It’s probably not surprising that Chicago is dreaming now that the Cubs and White Sox are in the post-season:
With Tuesday’s 1-0 victory over Minnesota launching the White Sox into the American League playoffs, Chicago can savor something not seen for a century: the thrill of having both the Sox and the Cubs play in the postseason.
Talk about a once-in-a-lifetime event. The last time this happened was in 1906, when there were a mere 45 U.S. states. The Model T was not around yet. And Geronimo still was.
So dare we think the impossible: a Sox-Cubs World Series?
“It’d certainly be unlike anything people in Chicago have witnessed in their lifetimes, unless they’re 112 years old,” says Jayson Stark, senior baseball writer for espn.com and author of “The Stark Truth: The Most Overrated and Underrated Players in Baseball History.”
Baseball in Chicago is often defined by the rivalry between the North Siders and the South Siders. Imagine, then, the whole world watching—as Cubs fans and Sox fans go for each other’s throats.
“You know the impact even just from when the White Sox play the Cubs in the regular season, how impressive that is,” said Andrew McKenna, who has straddled both sides of town, having served as chairman of both the White Sox and Cubs. “It’s a real buzz just during the regular season.”
So imagine what a World Series meeting would mean to a rivalry so deep and so heated.

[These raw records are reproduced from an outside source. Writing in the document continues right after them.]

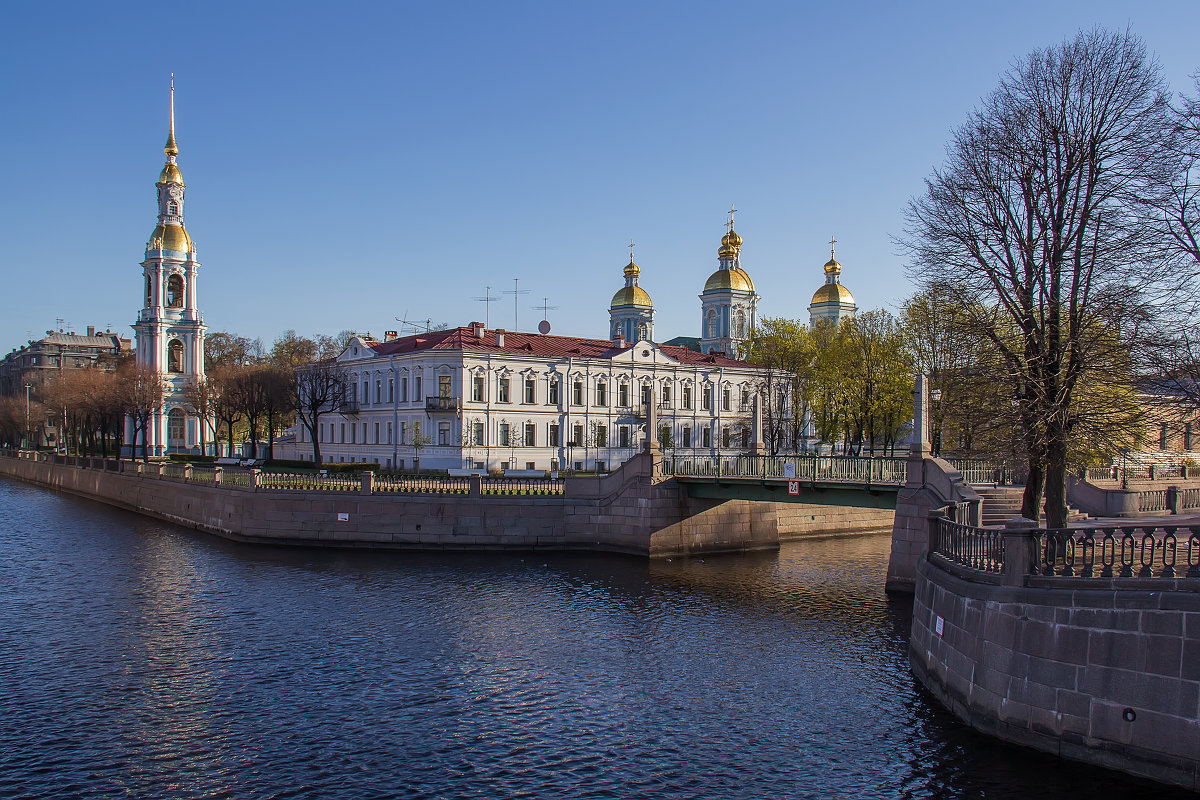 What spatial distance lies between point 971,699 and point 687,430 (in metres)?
57.8

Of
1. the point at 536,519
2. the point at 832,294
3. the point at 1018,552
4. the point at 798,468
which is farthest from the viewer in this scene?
the point at 832,294

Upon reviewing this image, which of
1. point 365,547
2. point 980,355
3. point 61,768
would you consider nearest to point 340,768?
point 61,768

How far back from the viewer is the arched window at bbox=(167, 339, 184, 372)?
97250mm

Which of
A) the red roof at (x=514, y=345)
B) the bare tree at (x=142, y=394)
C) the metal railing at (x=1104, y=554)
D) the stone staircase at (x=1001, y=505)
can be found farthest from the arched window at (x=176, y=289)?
the metal railing at (x=1104, y=554)

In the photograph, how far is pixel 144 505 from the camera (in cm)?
5591

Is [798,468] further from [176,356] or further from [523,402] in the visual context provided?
[176,356]

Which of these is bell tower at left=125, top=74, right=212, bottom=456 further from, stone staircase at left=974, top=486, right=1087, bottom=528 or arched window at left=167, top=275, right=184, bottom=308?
stone staircase at left=974, top=486, right=1087, bottom=528

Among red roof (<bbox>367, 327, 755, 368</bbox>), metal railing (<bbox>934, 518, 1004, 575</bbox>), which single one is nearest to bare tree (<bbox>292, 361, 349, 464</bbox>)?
red roof (<bbox>367, 327, 755, 368</bbox>)

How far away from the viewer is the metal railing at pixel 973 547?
56.4 ft

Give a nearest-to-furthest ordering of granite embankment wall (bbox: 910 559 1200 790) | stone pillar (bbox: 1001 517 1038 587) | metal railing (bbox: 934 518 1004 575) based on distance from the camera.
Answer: granite embankment wall (bbox: 910 559 1200 790), stone pillar (bbox: 1001 517 1038 587), metal railing (bbox: 934 518 1004 575)

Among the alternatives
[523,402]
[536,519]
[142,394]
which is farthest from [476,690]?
[142,394]

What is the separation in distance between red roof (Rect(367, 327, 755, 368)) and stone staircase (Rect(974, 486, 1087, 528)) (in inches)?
1542

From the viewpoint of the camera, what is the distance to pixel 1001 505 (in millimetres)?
30438

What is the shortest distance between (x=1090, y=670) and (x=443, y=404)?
171ft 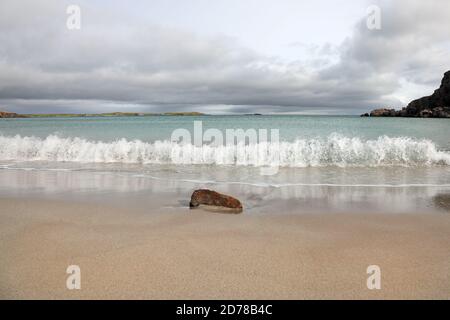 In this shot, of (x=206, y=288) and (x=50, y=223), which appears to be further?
(x=50, y=223)

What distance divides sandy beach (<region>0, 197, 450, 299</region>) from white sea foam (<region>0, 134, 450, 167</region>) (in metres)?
7.60

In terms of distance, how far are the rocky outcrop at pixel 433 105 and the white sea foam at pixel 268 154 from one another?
264 ft

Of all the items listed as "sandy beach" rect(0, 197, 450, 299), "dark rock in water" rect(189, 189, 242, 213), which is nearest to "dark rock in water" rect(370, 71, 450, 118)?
"dark rock in water" rect(189, 189, 242, 213)

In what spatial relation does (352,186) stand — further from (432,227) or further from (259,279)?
(259,279)

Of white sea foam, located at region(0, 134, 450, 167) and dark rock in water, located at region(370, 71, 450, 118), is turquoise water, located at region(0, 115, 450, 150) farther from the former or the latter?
dark rock in water, located at region(370, 71, 450, 118)

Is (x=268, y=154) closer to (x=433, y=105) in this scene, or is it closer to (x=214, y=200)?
(x=214, y=200)

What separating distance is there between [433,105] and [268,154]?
97828mm

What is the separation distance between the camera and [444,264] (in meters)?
3.37

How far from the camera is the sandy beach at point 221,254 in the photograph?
9.25 feet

Because of all this history, it would be a bigger deal than when the Yankees and Mets met in the Subway Series in 2000 and unlike anything baseball has seen since the Yankees and Brooklyn Dodgers last played each other in the Fall Classic.
The odds aren’t that great — the Sox barely made it into the playoffs, and the Cubs are, well, the Cubs with all the bad luck that entails — but one can dream.